Thank you for this feedback. We agree the intended reading of the flowchart is not clear. We also agree with your suggestions on how to improve it. Please see the response to your comment below on specifically how we went about this.

When interpreting this flowchart it is not clear if the two “.ssn folder” objects are the same object fundamentally. If they are, then the reader wonders why one is required to be run through the importSSN function before SimulateOnSSN, while the other can go straight to SimulateOnSSN. My interpretation is that the bottom path “createSSN → .ssn folder → SimulateOnSSN” represents a continued R session (the scenario where the user starts with nothing); while the other path represents a new R session where the user starts with a “.ssn folder” object. If this interpretation is correct, I would suggest splitting this figure into two sections (one right and one left; or one top and one bottom) illustrating the two scenarios.

Again, thank you for this feedback.
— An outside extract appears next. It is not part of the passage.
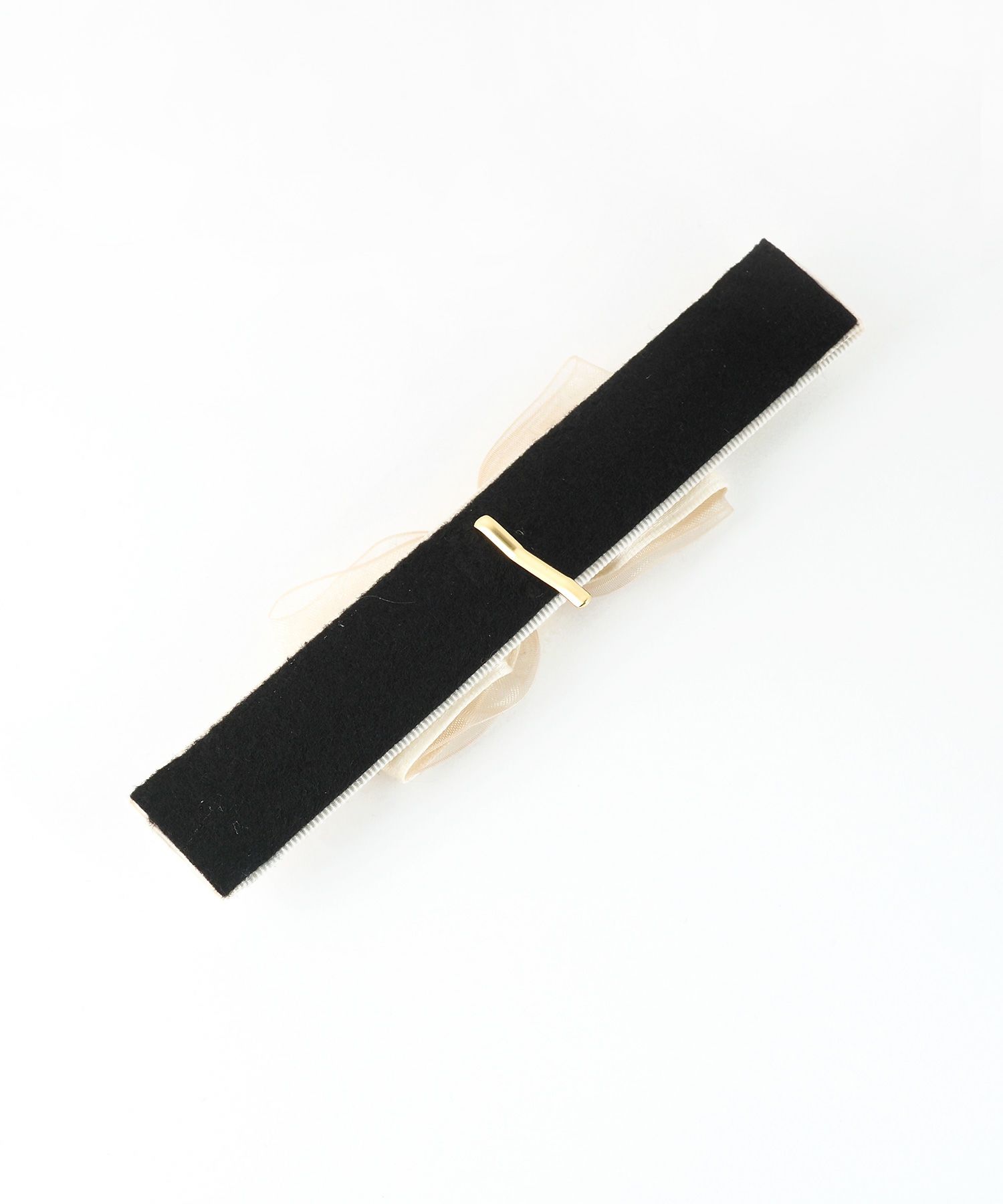 くるっとまきつくマットリボンレイヤードフック付きシュフィー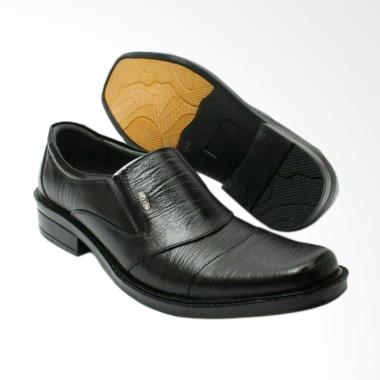 Handmade Sepatu Pantofel Pria - Black [HT 2016]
To clarify,

The 2x “.ssn folder” do not refer to the same object, just to a data structure that the two workflows have in common. (i.e. both use .ssn folders to store the stream network data.)

The “.ssn folder” appearing in the top workflow refers to a pre-existing dataset where the user has, at a minimum, a set of stream edges in a shapefile. From here, if the user has no observed data in a sites shapefile, then they can simulate observed and prediction locations using generateSites. Once the observed and prediction locations have been generated, the user may then simulate observed response values on those sites using SimulateOnSSN. Alternatively, if the user has a .ssn folder that already contains an observed sites and prediction locations shapefile(s), then they can go straight to simulating response values if necessary.

The “createSSN -> “.ssn folder” -> SimulateOnSSN” refers to a situation where the user has no data for a stream network. That is, they must artificially generate all parts of the stream dataset including the stream edges and sites. The createSSN function is responsible for creating a new .ssn folder that contains the completely simulated stream network. These data are then passed on to the SimulateOnSSN function to provide simulated response values for the simulated survey sites.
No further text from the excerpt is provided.